**WORK ITEM**
When the line with "1908 Shilling - Edward" turns up below, begin repeating exactly, and carry on through the line with "Mist Green Lantern Sleeve Tiered Mini Dress"; no pictures go into the copy.
------ EXCERPTED DATA
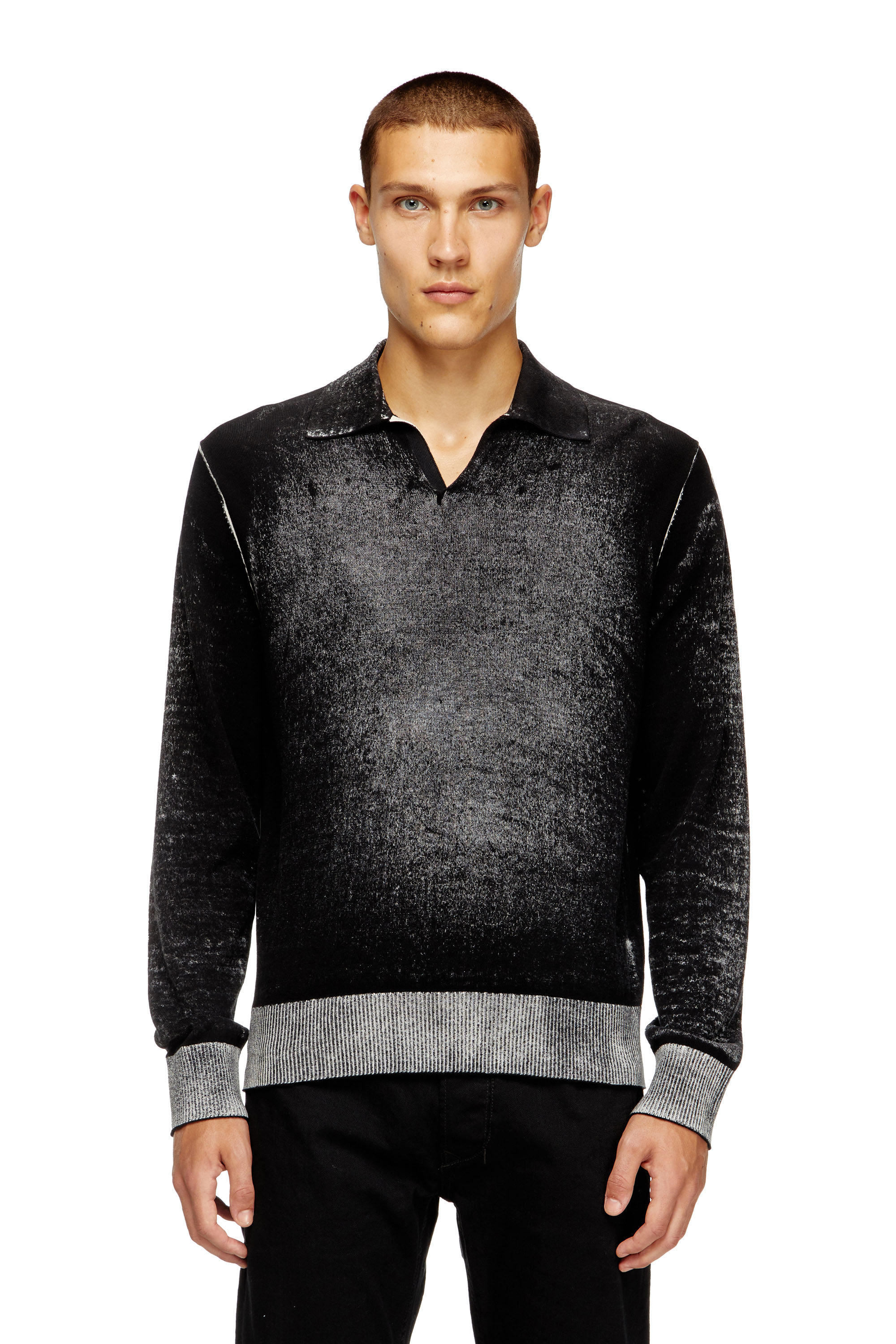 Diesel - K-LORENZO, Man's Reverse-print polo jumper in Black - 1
------------
------ EXCERPTED DATA
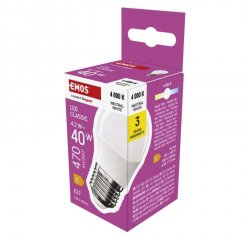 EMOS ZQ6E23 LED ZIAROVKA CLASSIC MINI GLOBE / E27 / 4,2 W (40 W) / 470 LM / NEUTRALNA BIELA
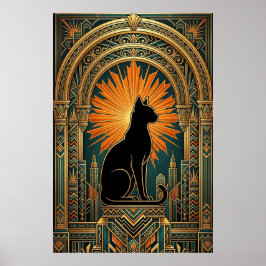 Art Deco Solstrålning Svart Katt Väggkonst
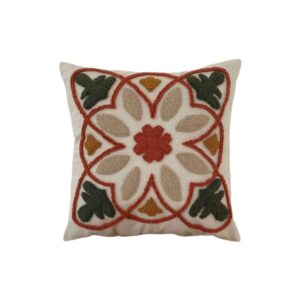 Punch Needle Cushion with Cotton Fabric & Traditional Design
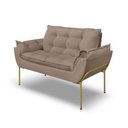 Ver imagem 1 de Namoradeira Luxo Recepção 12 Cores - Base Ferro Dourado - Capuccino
------------
------ EXCERPTED DATA
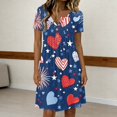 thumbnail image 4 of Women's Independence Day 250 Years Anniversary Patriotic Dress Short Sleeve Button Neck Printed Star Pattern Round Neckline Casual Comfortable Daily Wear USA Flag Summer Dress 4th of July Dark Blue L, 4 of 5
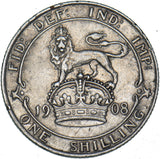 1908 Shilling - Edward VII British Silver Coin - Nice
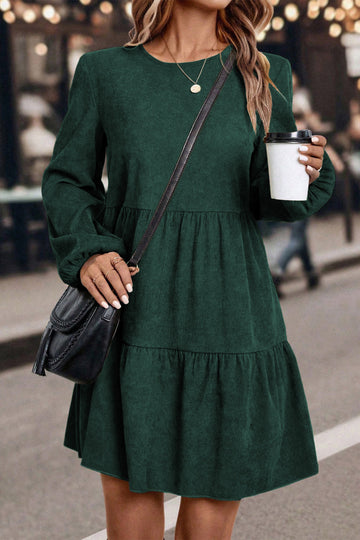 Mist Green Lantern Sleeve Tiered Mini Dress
------------
**REPLY**
 1908 Shilling - Edward VII British Silver Coin - Nice
 Mist Green Lantern Sleeve Tiered Mini Dress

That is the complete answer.